Newman’s sculptures are, in a simple sense, about abutment. The artist seems inclined to ask himself the question: can I seamlessly intertwine dissimilar substances? His undeniable skill as a craftsman finds consistent, affirmative answers to this question by shaping all manner of material, from glazed porcelain and black Marquisate marble to blown glass and foamcore, to evoke the topology of non-Euclidean space, that is to say: fluidly curving form. Newman’s sculptures tend to spiral around themselves forming curves with no definitive start or finish.
This is about the intermingling of argument and art. Newman is partially applying the scientific method, through art, to form visual models of an idea. In the scientific method, one comes up with a hypothesis, tests it, and then forms a working theory from it. The quasi-scientific question under examination in Newman’s case is: What does space outside of our universe look like?
Euclidean space limits itself to 3-dimensional, linear formulations. The Five Platonic Solids are an example. Sixteenth-century German astronomer, Johannes Kepler, came up with a model of the universe based on these solids by placing them inside one another, like Russian Matryoshka dolls, with spheres separating each solid. Now we know that space curves and cannot be modeled in a strictly rectilinear framework. One might nevertheless think of Newman’s sculptures as akin to Kepler’s model, updated for post-Euclidean space. This involves considering the 4th dimension, time, as it qualifies our sense of space. Newman selects materials, bends them into appealing forms to set off their inherent qualities and calibrates them to conjure a new paradigm for visualizing space in the universal sense. Abutment is how logical sequences are formed. These sculptures, though not logical, use abutment to compel their argument, i.e. their form.
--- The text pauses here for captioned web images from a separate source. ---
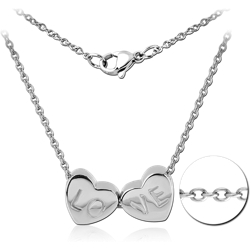 SURGICAL STEEL GRADE 316L NECKLACE WITH PENDANT - LOVE TWO HEARTS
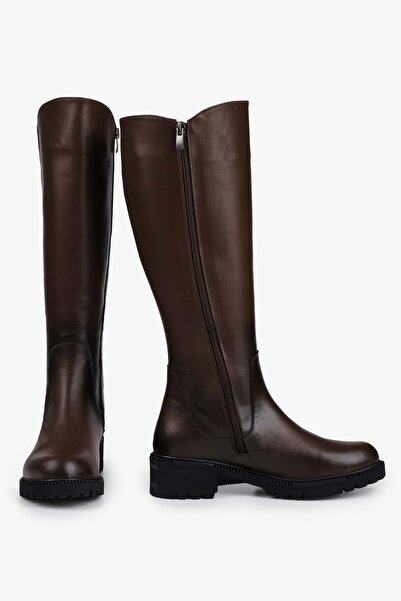 Shoeberry Women's Perla Light Brown Genuine Leather Boots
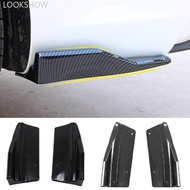 LOOKSHOW 2Pcs Universal Carbon Fiber Car Rear Bumper Lip & Corner Protector Rear Diffuser Side Skirt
Newman’s interests reveal a debt to his generation, one in which ambitiously conceived ideas fueled modestly scaled art. Eve Aschheim, James Biederman, Jim Clark, Linda Francis, Mel Kendrick, Steve Keister, Jim Long and Gordon Moore all come to mind as spiritual relatives of Newman’s. These artists are vastly differing in sensibility (it’s often so in a family) but they have in common a modest scale (compared to their New York School antecedents), a preoccupation with space as it is felt and as it is visualized, and an awareness of how to use curves in their work to evoke a sense of the universe’s expansion beyond the bounds of what the mind can visualize. Even Carol Dunham, another contemporary of this group, in blowing up his scatologically comic characters to a scale at which their curves begin to morph into the abstract, seems to be acknowledging the pull of post-Euclidean influences. These artists are Minimalism’s students and needed to find ways to be inventive in the face of that movement’s didactic underpinnings.
Part of Newman’s response is in his work’s scale, part is in the thoroughly hand-crafted quality of his sculptures. His conundrum is in the nature of a sculpture. Most generally speaking, a sculpture is an object in space. Time, on the other hand, is a condition of (even a prerequisite to) experience. Incorporating the 4th dimension of time in a sculpture is visually oxymoronic. Can an open-ended condition of experience be circumscribed in an object of experience? If so, it must certainly be in a non-literal way. It can only be alluded to, not illustrated. It is perhaps to this end that some of Newman’s sculptures flirt with willful absurdity.
“Open pink with signs of life” (2006) is a drama in three parts. The first is a nautical spiral constructed from a triangulated armature of what appears to be reinforced papier mâché (in many cases, it is impossible to tell precisely what comprises a particular surface due to the large number of materials Newman employs in each sculpture and the degree of transformation that he imposes on each). From the spiral issues a vaguely Persian, terraced form. Its surface appears to be covered in felt (though it is not, based on the materials list) lending it a hat-like appeal. Finally, from a puckered orifice extending upward from the “hat’s” center, spring as three frond-like leaves, plausible enough to elicit close scrutiny.
There is logic to the idea of a nautical spiral giving birth to a leaf. The spiral, after all, is found throughout nature. But there is something visually nonsensical (in the best sense) of seeing plants sprout from abstraction. Particularly when the abstraction is a small sculpture, by sculptural standards, and the plant is normally sized, by plant standards. Here Newman is pushing his question of what can and cannot be considered contextually coherent a little further while intelligently distilling the paradox of his sculpture.